Anna Lombroso per il Simplicissimus
La miserabile parata degli industriali scontenti e disillusi le cui lamentele sembrano qui monologhi da ubriachi che non sanno bene con chi prendersela: uno a Venezia lanciava notturne invettive contro il re e i cosacchi, è uno spettacolo grottesco, imbarazzante ed indecente quanto quello del loro padrone di riferimento che va a lamentarsi con i “colleghi”.
Ma ha un contenuto di infamia ancora più imperdonabile. Da sempre metto in guardia me stessa dal cedere alla tentazione di definire il premier un disturbato, lo si diceva di Hitler e nuoce pensare a una furia della mente per spiegare un disegno politico, certo venato anche da qualche patologia, ma a suo modo lucido maligno e banale come spesso anzi quasi sempre è il crimine.
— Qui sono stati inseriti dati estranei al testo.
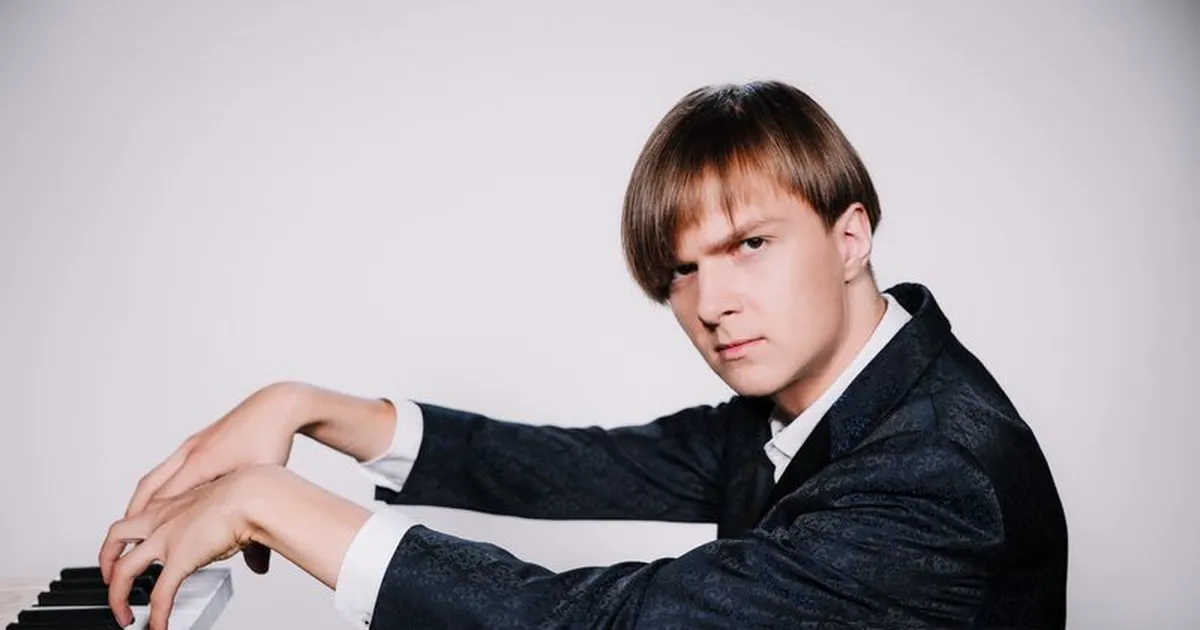 Klassikatäht 2025 Havryil Sydoryk lummab Beethoveniga Mustpeade majas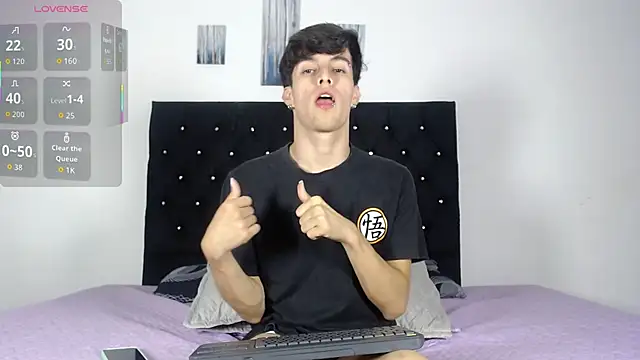 Snapshot of axxxel_twink chatting on 02.17.26 axxxel twink online show from 02.17.26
Ma nel caso della classe industriale italiana gli errori e i delitti sono stati compiuti in nome di una razionale ossessione: quella del denaro, dell’accumulazione senza rischi, del profitto e perché no? della sopraffazione dei ricchi sui poveri come espressione di un potere spesso ereditato poco sofferto che si vuole perpetuare per riempire forzieri personali, svuotando quelli pubblici, depauperando e impoverendo, oltre alla bellezza e al futuro del paese, anche gli umori il senso comune la coesione sociale. Così imperare e arraffare è più comodo, meno arduo e meno rischioso.
Conflitti, lotte, conquiste avevano combinato il miglioramento delle condizioni materiali di interi ceti con una nuova raggiante rappresentazione politica sociale e colturale della loro condizione, il superamento dell’assoggettamento.
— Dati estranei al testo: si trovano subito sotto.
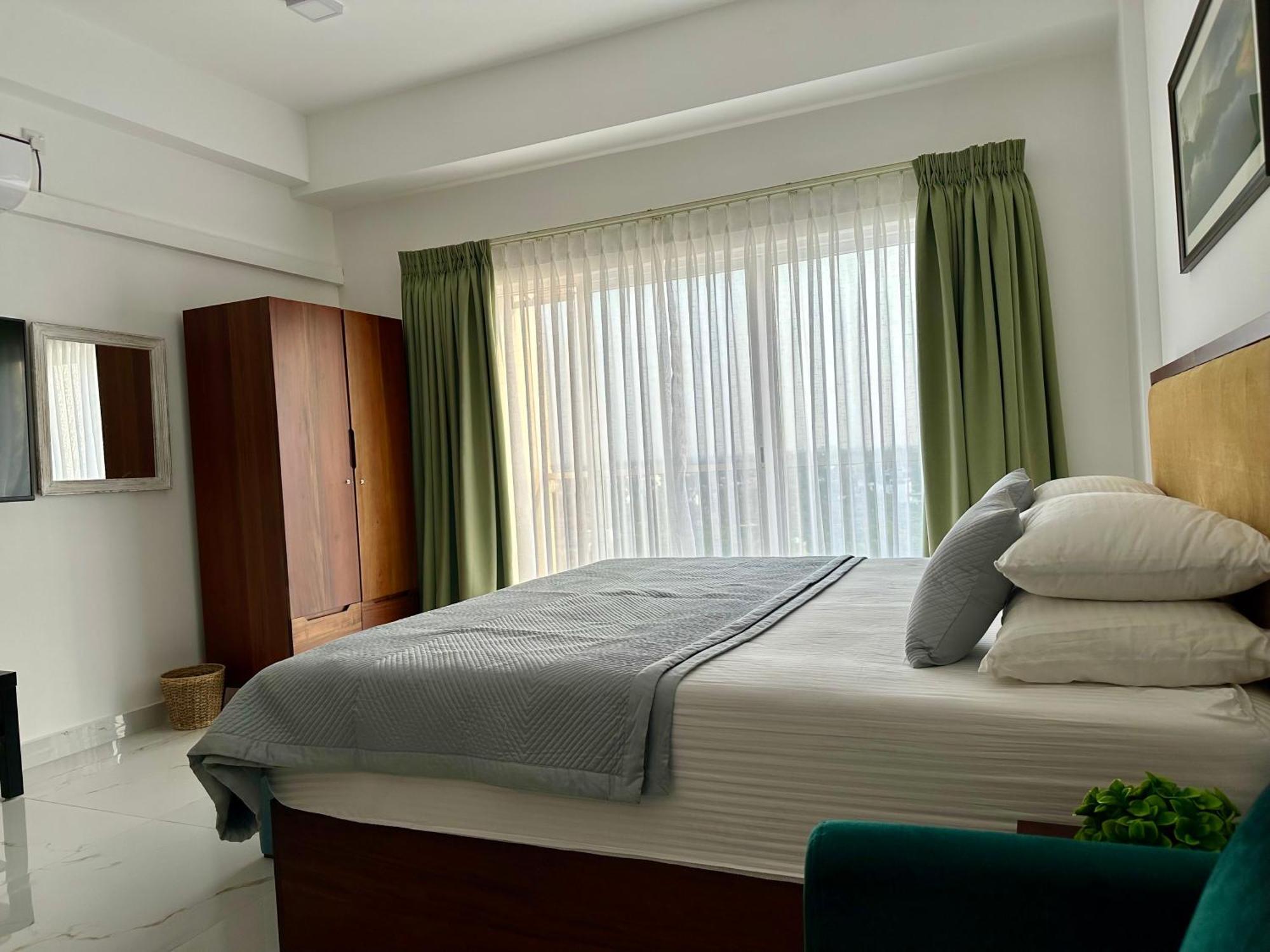 Ocean Breeze Hotel Residencies Britlanka Apartments Negombo Exterior foto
Colpite le basi economiche non è stato difficile per una classe imprenditoriale ottusa e un governo che la rappresenta minare la forza del lavoro, i suoi valori e anche i livelli di coscienza dei lavoratori. Ha tagliato le forze e anche le lingue, o almeno ci sta provando. Determinando una specie di mutazione antropologica della classe lavoratrice e delle sue figure irriconoscibili del loro passato, defraudate delle memorie di dignità da trasmettere ai figli, private del racconto dei loro diritti come di un bene cui è obbligatorio rinunciare in tempi di crisi.
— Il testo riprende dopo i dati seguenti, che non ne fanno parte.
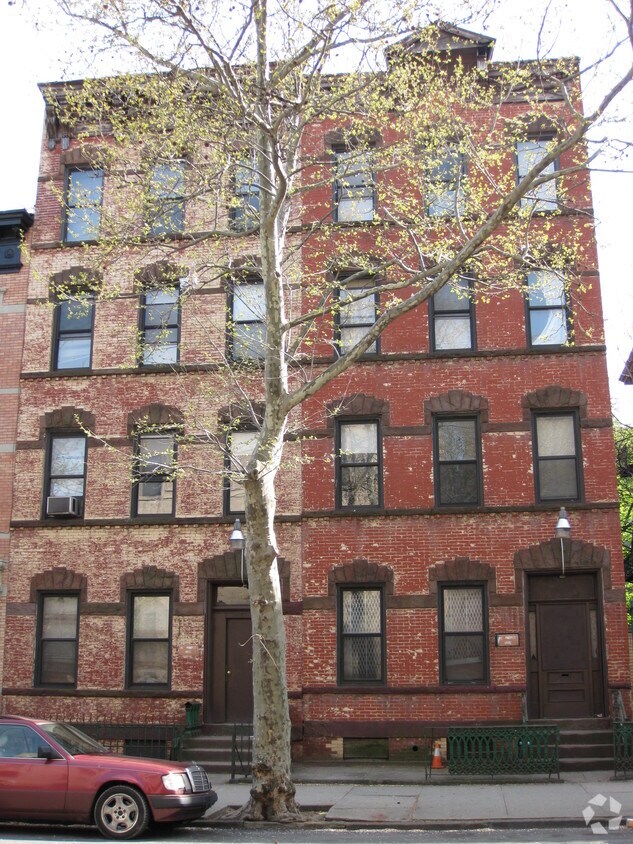 Foto principal - 566 Sterling Pl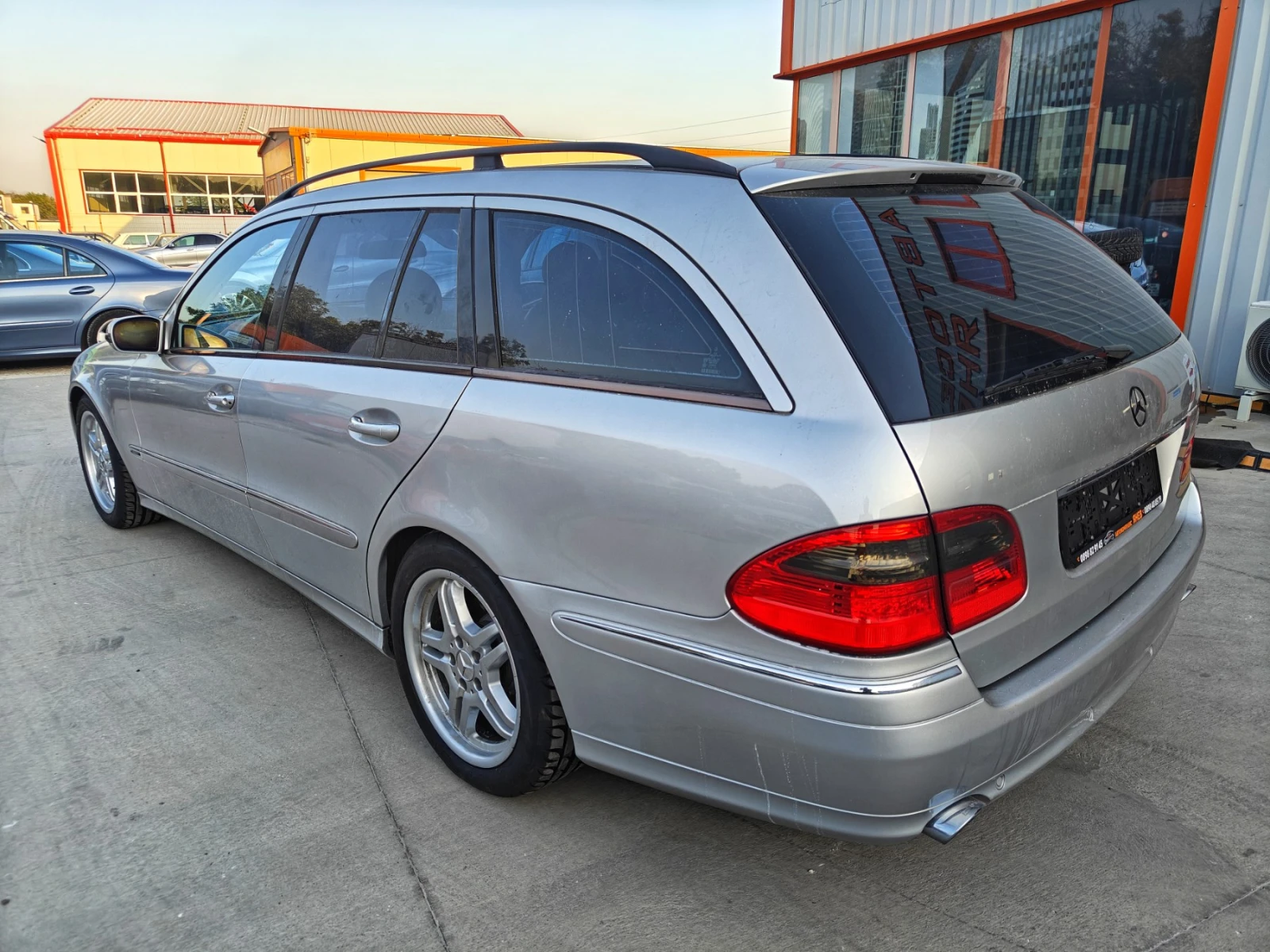 Mercedes-Benz E 320 бензин - изображение 4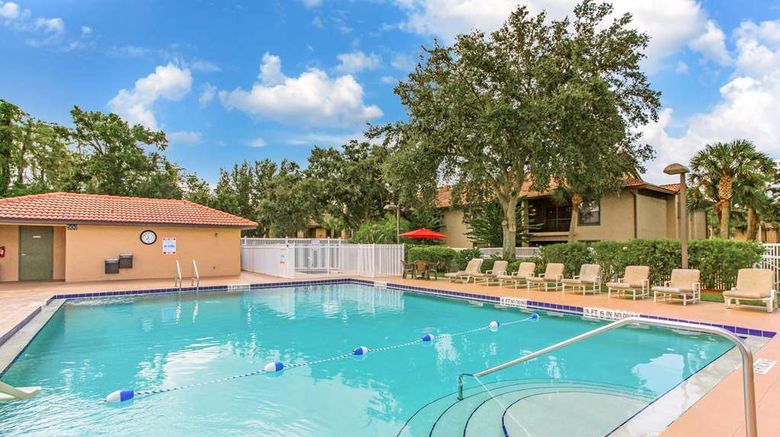 <b>Alhambra Villas Pool</b>. Images powered by <a href="https://iceportal.shijigroup.com/" title="IcePortal" target="_blank">IcePortal</a>.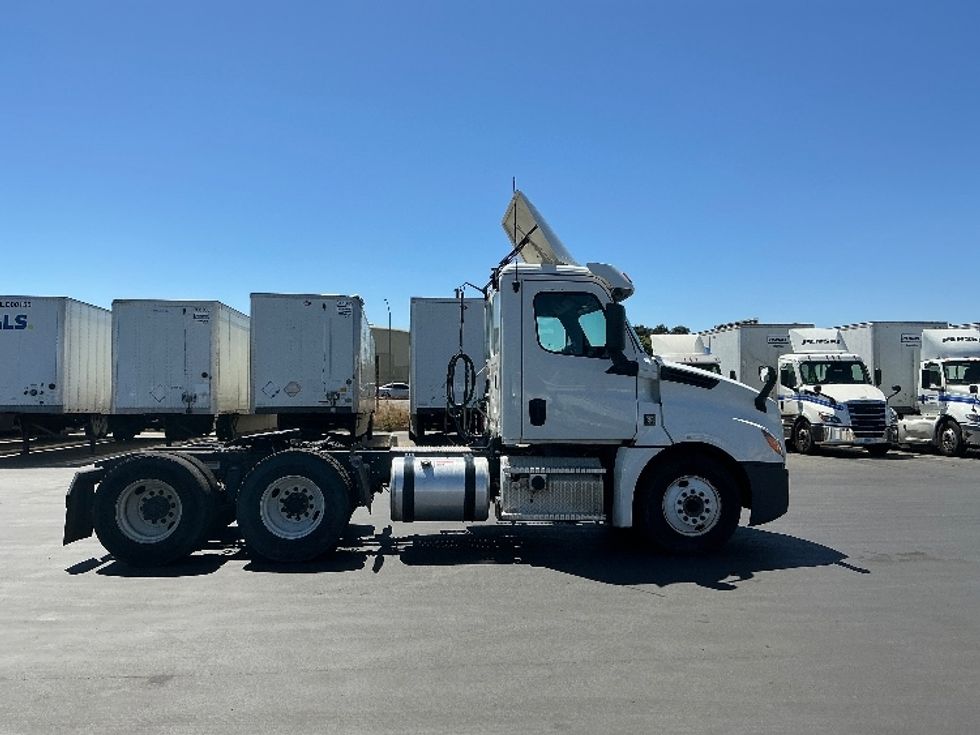 Day Cab Tractor-Heavy Duty Tractors-Freightliner-2020-T12664ST-Stockton-CA-300,647\n\t\tmiles-$ 51,000 - Image 8
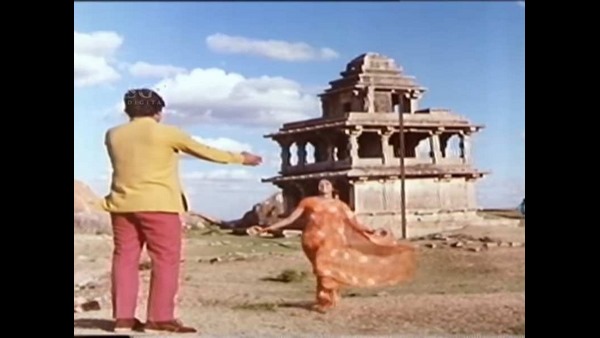 ಮೊದಲ ಬಾರಿಗೆ ಸ್ಲೋ ಮೋಷನ್ ಹಾಡು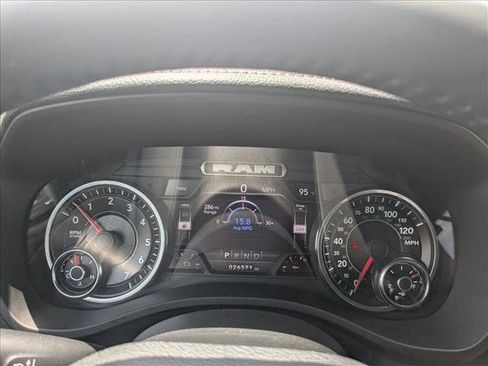 Used 2024 RAM 1500 Laramie AWD/4WD image 10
Tempo fa la Marcegaglia si lagnava di essere stata lasciata sola. Forse per quello ha voluto regalarsi la scampagnata di oggi, protesta e prosecco. Vorrei condannarla all’infernale disumana condizione di solitudine in cui versa la classe lavoratrice, precaria e non, l’isolamento disperato del “lavoro”, il senso di abbandono e di vuoto di chi aveva diviso luoghi produttivi e spazi di socialità e che ora si scopre freddamente lontano da cio’ chiesi agisce e si decide in strati rarefatti e indecifrabili. A sua insaputa e contro di lui. Che intravede dietro la retorica delle garanzie sempre più esili e della sicurezza sempre più incerta il precipizio della sua invisibilità di individuo e di popolo, la minacciosa incertezza, la ferocia della fatica senza la speranza dell’emancipazione.
Non mi consola che la nostra condanna sia anche la loro pena alla regressione. E che la nostra vergogna sia il loro ridicolo. Ci piacerebbe che una risata li seppellisse, ma ormai siamo troppo in collera.